Data segment: Begin
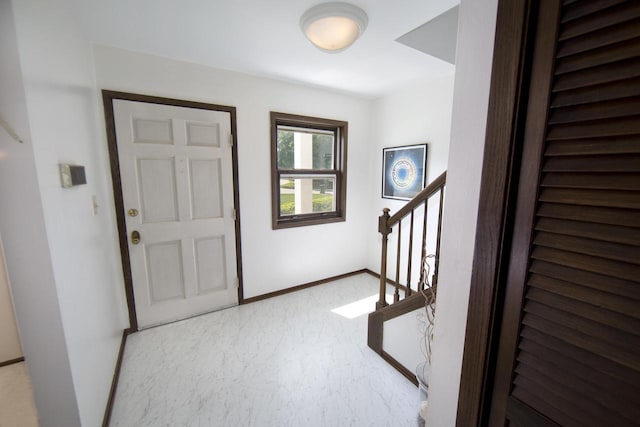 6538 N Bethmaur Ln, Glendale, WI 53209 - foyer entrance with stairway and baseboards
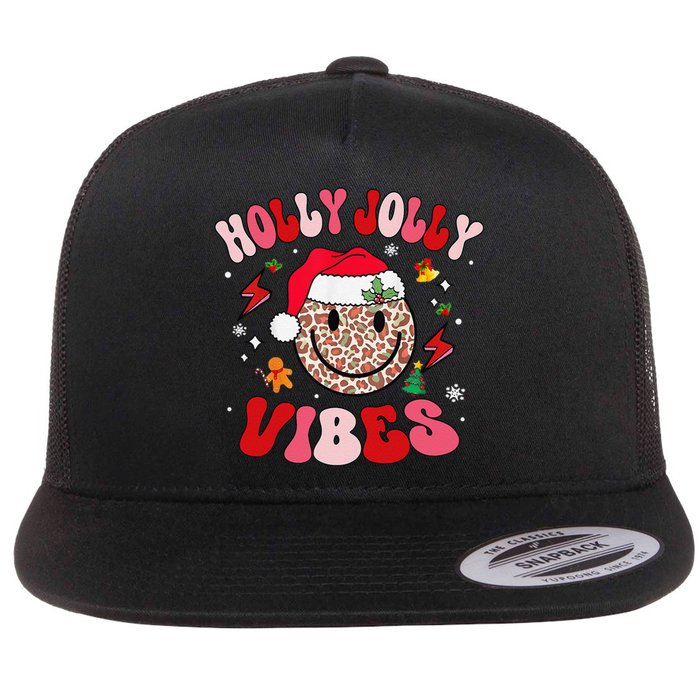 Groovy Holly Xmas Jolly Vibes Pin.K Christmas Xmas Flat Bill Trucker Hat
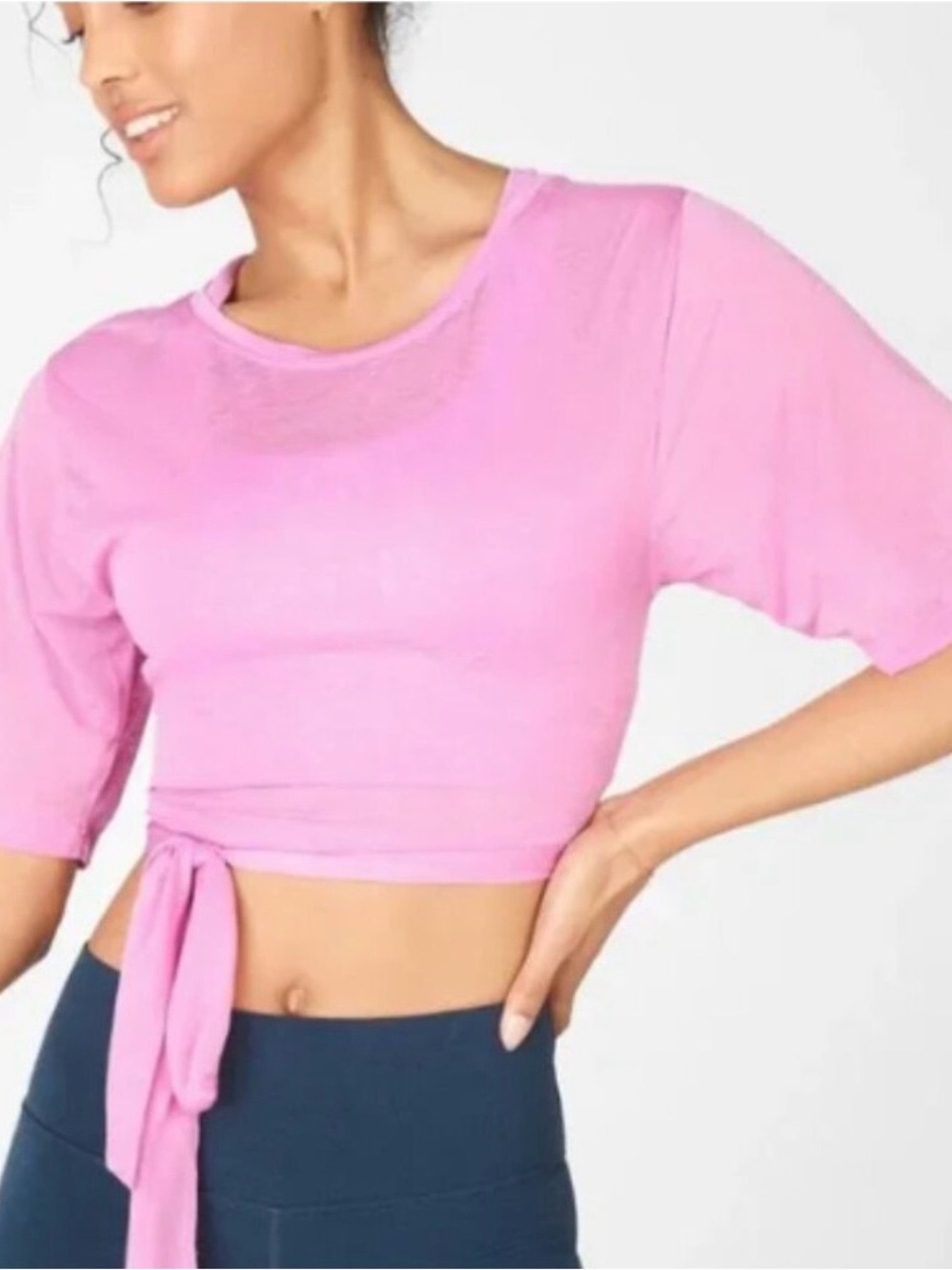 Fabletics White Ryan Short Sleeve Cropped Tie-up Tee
Data segment: End
Please print the data above in its entirety, exactly, but without any picture.

## Answer box
 6538 N Bethmaur Ln, Glendale, WI 53209 - foyer entrance with stairway and baseboards
 Groovy Holly Xmas Jolly Vibes Pin.K Christmas Xmas Flat Bill Trucker Hat
 Fabletics White Ryan Short Sleeve Cropped Tie-up Tee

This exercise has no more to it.